I started a new list of potential names since the names for the larger cruising sloop didn't fit. I came up with lots of humorous, double entendres like: Liquid Therapy, Auntie D'Pressant, Cosmic Current, Currently Occupied, Current Revision, Gone Coastal, Current Surge, Moment's Notice. But I wanted something simpler yet beautiful like "Rosebud".
Then one day, I was sharing my favorite fruit with Ginny. I like to slice it close to the seed so I have almost a complete half of a mango in my palm. Then I score the flesh in a square pattern leaving the skin intact. With both hands, I then turn the skin inside out making the square cubes protrude. Then I nibble the cubes off letting the juice drip down my chin into the sink. This sensual, elemental experience always takes me back to Key West where I first tasted a mango and learned to eat them this way.
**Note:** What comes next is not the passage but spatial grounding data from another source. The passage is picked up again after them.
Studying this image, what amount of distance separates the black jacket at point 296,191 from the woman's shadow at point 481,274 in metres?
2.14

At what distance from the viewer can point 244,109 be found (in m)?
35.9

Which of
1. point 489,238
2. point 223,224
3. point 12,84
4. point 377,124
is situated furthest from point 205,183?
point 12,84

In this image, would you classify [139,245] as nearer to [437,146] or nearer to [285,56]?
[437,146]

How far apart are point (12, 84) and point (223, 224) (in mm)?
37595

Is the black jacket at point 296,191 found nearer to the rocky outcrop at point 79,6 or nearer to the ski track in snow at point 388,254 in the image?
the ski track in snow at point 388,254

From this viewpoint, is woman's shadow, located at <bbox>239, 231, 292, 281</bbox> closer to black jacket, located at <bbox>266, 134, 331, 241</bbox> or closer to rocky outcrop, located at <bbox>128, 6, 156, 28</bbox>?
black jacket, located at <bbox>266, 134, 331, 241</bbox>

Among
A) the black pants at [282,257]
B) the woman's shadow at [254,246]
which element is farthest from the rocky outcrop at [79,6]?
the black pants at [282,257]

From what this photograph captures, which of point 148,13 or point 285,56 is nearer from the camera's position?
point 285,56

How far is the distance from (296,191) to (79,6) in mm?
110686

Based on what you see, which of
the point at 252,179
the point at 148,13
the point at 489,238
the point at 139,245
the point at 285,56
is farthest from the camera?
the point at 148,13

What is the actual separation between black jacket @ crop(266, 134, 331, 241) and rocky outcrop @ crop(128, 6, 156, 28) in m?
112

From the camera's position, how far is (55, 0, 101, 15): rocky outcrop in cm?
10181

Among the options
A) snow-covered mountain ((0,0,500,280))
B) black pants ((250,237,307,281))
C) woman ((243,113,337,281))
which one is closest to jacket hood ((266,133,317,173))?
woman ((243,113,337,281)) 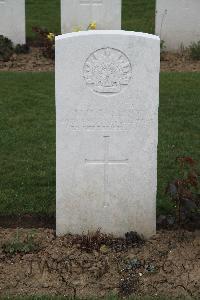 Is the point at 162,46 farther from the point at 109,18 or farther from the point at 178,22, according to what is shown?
the point at 109,18

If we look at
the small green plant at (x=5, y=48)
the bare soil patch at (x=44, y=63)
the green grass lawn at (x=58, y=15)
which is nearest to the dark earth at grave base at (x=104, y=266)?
the bare soil patch at (x=44, y=63)

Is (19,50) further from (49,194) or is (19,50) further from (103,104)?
(103,104)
So I added Mango to my list of names. I played around with variations such as Mango Tango, ManGo Crazy, etc. but kept coming back to simply Mango. So that's how she got her name. We christened her last Monday (9/2/02) on our first sail with the juice from a delicious mango. She doesn't have an orange hull or anything. Maybe, if I get a downwind sail, I can find an orange one. Look for us on Lake Norman (Charlotte), at the PIRATES Festival the end of September, or maybe in the Keys over Christmas. Sea ya.